I’m willing to admit something else: I am a die-hard romantic, a cliché of a hard shell grumbling outside protecting a squishy, romantic sop inside – a sop who wants everything in the world to have an affected touch of drama topped off by a heightened sense of importance.
But Patti Hallock is not offering romance to me – or to anyone else for that matter. And my dashed idealizations of landscape are exactly what I like about The West Is Here. Hallock is certainly not mooning about our national parks (a favorite pastime of mine) or searching out a majestic version of the great outdoors which takes a guidebook and seven Sherpas to get to (I’ll mention here that I had a dog-sledding ambition as a child). Hallock is creating images that live in the now, that represent the allure of the West as she finds it.

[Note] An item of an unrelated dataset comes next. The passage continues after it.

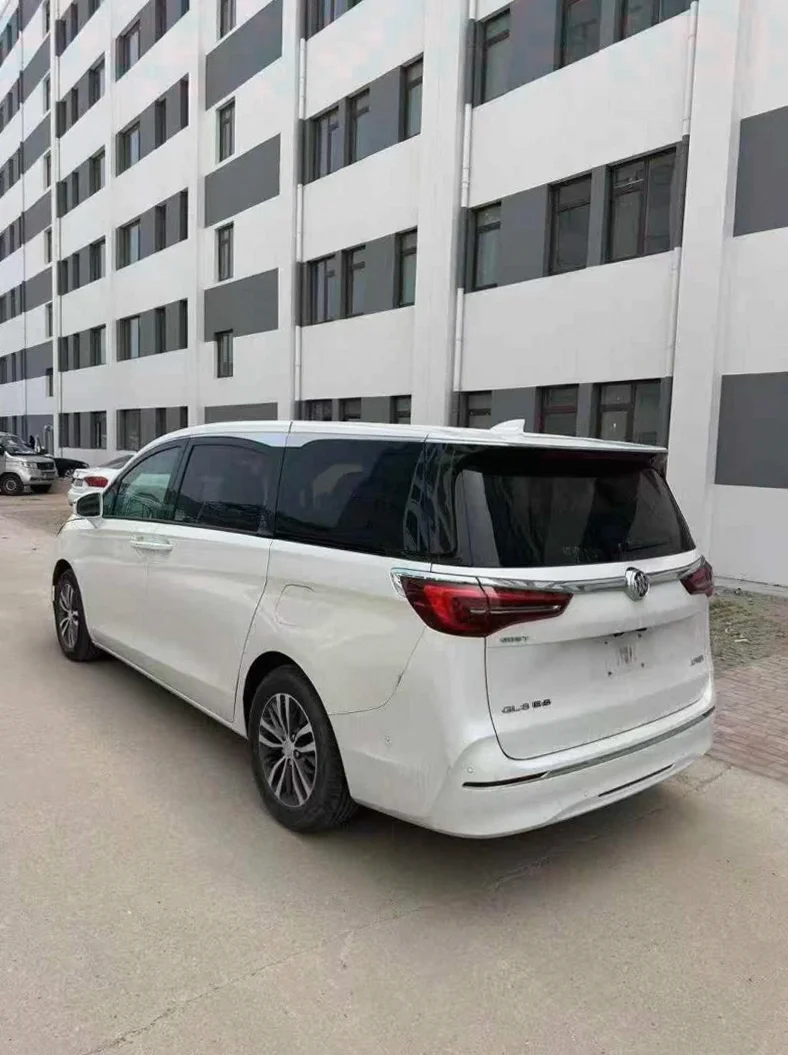 别克GL8 内饰前排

But these images are more than documents from a passing traveler. They are crafted with the intimate knowledge of a native, someone whose scope of beauty isn’t confined to idealism or nostalgia. The more time I spend with these images the more it becomes apparent that Hallock is honing her gaze on details of the landscape, forming deceptively simple compositions that touch on human presence scattered through desert vistas. That bleached out, crumpled blanket in scrubby bushes isn’t a political comment about how we all need to become stewards for our planet; the dirty old blanket melts into the landscape, a fuzzy blur amidst blazing natural beauty. Those cans? Those aren’t petrified litter. They are perfectly planned desert compositions corralled into place by Hallock’s lens.
I love that you don’t get cowboys or palominos from The West is Here – you get a sense of place. A place where I’d rather be: traveling through the West, taking it in through the eyes of someone interested in the details. I love this art.